PowerPoint...helping people fall asleep since 1994.
In two weeks, I get to go to Las Vegas for a meeting. Should be fun--I get to see good friends, eat at a Brazilian Steakhouse, and enjoy some sunshine. But, even as I write this, I can already feel the boredom that is about to set in. And I will have some responsibility in causing it.
Why? Because it means I have to create another PowerPoint. Perhaps you, like me, have come to dread attending any kind of meeting, seminar, workshop, class, lecture, retreat....any place where information is likely to be shared. If so, it will be by PowerPoint. Of course, my presentation will be by PowerPoint, as well.
I recall the olden days when we had to use slides. Remember those? It was a hassle just to make slides. I worked at places where it was someone's actual job. We thought it was so inconvenient to get the slides in the proper order, make sure they were right-side up, transport them, fit the tray into the projector, hope the light bulb didn't burn out, hope the slides wouldn't get stuck, and really hope they wouldn't fall out of the tray. Click-click, "This is a slide of...." Click-click, "And here we have..." Click-click. Kind of a nostalgic sound, when you think about it.
Then came computers. Remember the pure thrill of watching your first PowerPoint show? HOW did they do it, anyway? So slick! So modern! So fascinating! I thought I could watch anything on PowerPoint. It made any topic credible.

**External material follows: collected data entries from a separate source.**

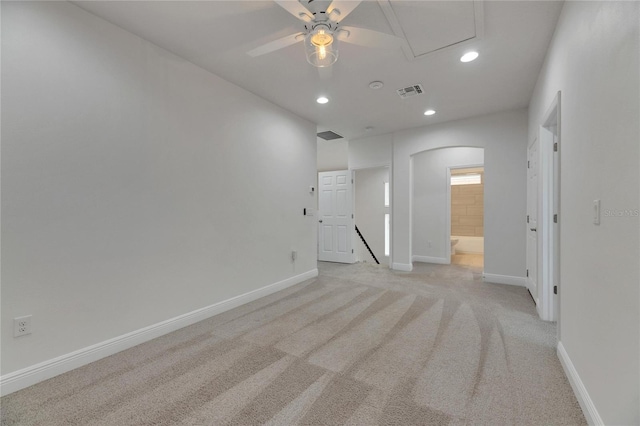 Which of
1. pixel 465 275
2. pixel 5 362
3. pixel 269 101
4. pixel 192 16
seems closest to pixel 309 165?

That initial phase of rapture lasted a while. And there was more! Before long, the tech-minded among us figured out how to do the animations, the fade-ins, the little bounces. Clever, and so much better than those dull slides of yesteryear. I mean, could there be anything more entertaining than those data points racing across the screen, then screeching to a halt, thanks to sound effects?
At the outset, PowerPoint came with an authentic lesson. Because it was new, the best way to learn was from a certified Microsoft instructor; entire businesses sprung up, just to provide training. I can't imagine how many zillions of dollars were spent sending all of us to day-long computer classes, not only for PowerPoint, but also those new-fangled Word and Excel programs. Now, we just ask each other or figure it out for ourselves.
The good thing about the lessons were the tips--tips long since forgotten or ignored:
- Put no more than three bullets on a slide. The slides are meant to be talking points, not the entire presentation.
- If you want to use animation, limit it to a few slides.
- A slide or two per minute is a good pace.
Pretty basic, huh? And when was the last time you sat through a PowerPoint presentation that actually followed any of those?
My own presentation will violate two of those rules. I'm not a big fan of animation, so I'm okay there; it goes from amusing to distracting to irritating, pretty quickly. I think it's more of a male-gadget-preference thing, anyway.
But, I will certainly jammed plenty of information onto my slides! This will include spreadsheets, not understandable by anyone sitting more than three feet away. By putting more on the screen, I don't have to refer to my notes. Heck, I don't even need notes. Call it laziness. Guilty, as charged.
Here's a slide for my upcoming presentation:
Of course, the first words out of my mouth will be: "I know this is hard to see, but..." And the audience will think "...but, you did it anyway, you ding-a-ling!"
Everyone does it. Everywhere. Doesn't matter what the topic or the audience. Because it's so easy to make a presentation, we can crank out slides like crazy. We think more equals better, even when we know it's not true. We put ridiculous amounts of information on a slide, then invariably say, "I know this is hard to read, but..." [...but, I'm doing it anyway. Because I can.]
And those nifty handouts we can print? Admit it, in the beginning, we thought they were heavenly. Saved us oodles of time, compared to the outlines we used to have to develop and type. And admit it again, now you don't even look at them.
I'm sure something will come along to replace PowerPoint. We'll love it at first, then our eyes will begin to glaze over, and we'll wish we were anywhere else but in yet another presentation. PowerPoint will become as obsolete as slide projectors. And everywhere, people will date themselves by saying, "Remember PowerPoint? Can you believe we thought it was great?"
"Death by PowerPoint" is a fantastic and wonderfully accurate phrase I first heard from my son, Andy. He's an officer in the Navy, where apparently PowerPoint is a regular practice. At least, that's Andy's take; to hear him tell it, entire days and weeks are spent in dark rooms getting trained by PowerPoint. I asked him to tell me a few titles for this post; I thought it would be interesting to share what goes on in the military. He couldn't remember any. Not a single one. Our tax dollars at work, folks.